Meio Ambiente

Pesquisadores da UnB estudam a preservação dos lagartos do cerrado

Professor da UnB acompanha a conservação das espécies de lagarto do cerrado há 22 anos. Equipe faz o trabalho de campo na reserva ecológica do IBGE e no Jardim Botânico de Brasília usando armadilhas para analisar os animais

Pedro Marra
postado em 16/07/2022 06:00
O professor de zoologia da UnB Guarino Colli segura um lagarto endêmico do cerrado (Enyalius capetinga) em uma das armadilhas do Jardim Botânico de Brasília -  (crédito: Fotos: Carlos Vieira/CB/D.A.Press)
O professor de zoologia da UnB Guarino Colli segura um lagarto endêmico do cerrado (Enyalius capetinga) em uma das armadilhas do Jardim Botânico de Brasília - (crédito: Fotos: Carlos Vieira/CB/D.A.Press)

Duas vezes por semana, o professor de zoologia da Universidade de Brasília (UnB) Guarino Colli percorre matas de áreas de preservação do Distrito Federal para acompanhar a conservação dos lagartos do cerrado. O pesquisador fez parte de um grupo de 900 cientistas de 24 países dos seis continentes que analisaram as necessidades de conservação de 10,1 mil espécies de répteis no planeta.
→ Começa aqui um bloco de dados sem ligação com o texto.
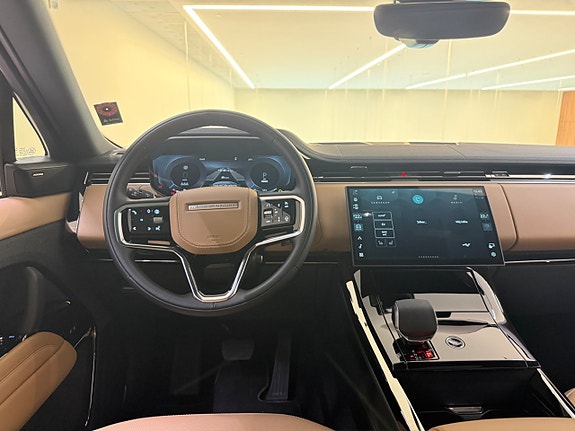 Land Rover Range Rover Sport 12 of 23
O estudo, publicado em 12 de maio deste ano na revista científica internacional Nature, constatou que pelo menos 21% de todas as espécies estão ameaçadas de extinção.

Em outro artigo específico para o bioma do Centro-Oeste, publicado em outubro de 2014, na revista Biological Conservation, o grupo de estudos de Guarino constatou que, entre as espécies com pequenas distribuições geográficas, 80% a 90% não estão em áreas protegidas. “A gente considerou o tamanho dos bichos, onde comem, onde vivem, e várias características para definir quanto da distribuição geográfica deles deveria ser preservado para que a espécie tenha um risco de extinção baixo”, explica o docente, que desenvolve essa rotina há quase 22 anos.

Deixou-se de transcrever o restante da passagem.